About the clumsy handling of the visa issue, the former NSA said, “The way the whole thing was handled leaves the impression of confusion. Nobody knows what actually happened. If there was any negotiation with the Chinese at some stage…. Did the Chinese say ‘don’t do it’ (give him visa)? Did we get something in exchange?”

Isa was invited by an NGO run by Shaurya Doval, NSA Ajit Doval’s son, to attend a two-day conference in Dharamshala, Himachal Pradesh, from April 30.

“I don’t think giving (Isa) visa was unexpected. India is a free country and giving visa is our prerogative. As long as it is not against Indian laws, I don’t think we (should) have a problem,” Menon said. “But the way it was portrayed, and then (the visa) was withdrawn, (it) has left the public confused. I hope it will be clarified…what actually transpired, and why it (visa) was withdrawn.”

Asked whether it was done under pressure from China, Menon said, “I have no idea. Many things could have happened. It will impact relationship because what you said on the issue and what China said over the issue is part of the relationship now. I wish they will clarify these things.”

About India’s options once it was found that Isa has a red corner notice against him, Menon said, “It depends on how they got into this position. I think it is easy to explain giving visa but not withdrawing it…in any case, if there is such a a red alert, it is this person (who has) to decide whether he wants to run the risk of being arrested. He (Isa) should have made that choice.”

Questioning the rationale that it was India’s way to counter China’s position of holding up listing of Masood Azhar, Menon said, “Let us not exaggerate the importance of listing any terrorists on UN list.”

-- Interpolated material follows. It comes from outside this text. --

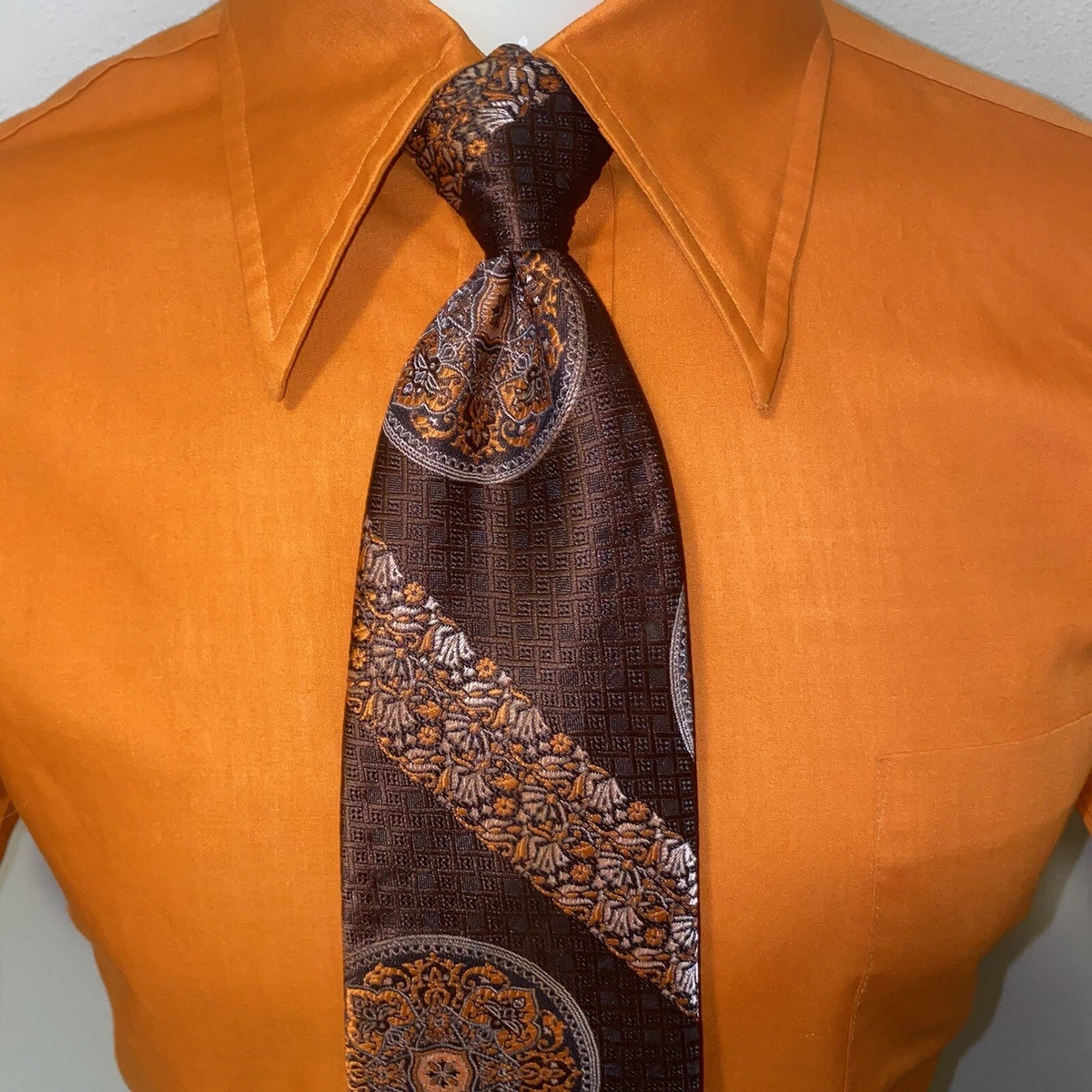 Vtg 60s 70s Men Necktie Tie POLYESTER Wide Ugly Midcentury Disco CLIP ON  Brown | eBay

Wondering whether it was India’s calculation that giving visa to “some Uighur activist whom China objects to” would change China’s position on Azhar, Menon said, “I don’t think we should make the mistake of thinking that somehow listing of Masood Azhar will change counter-terrorism in any fundamental way, or change direction of India-China relations. It will have an impact but it will not be the huge part of the relationship. “There is much more to India-China relationship than this,” Menon said.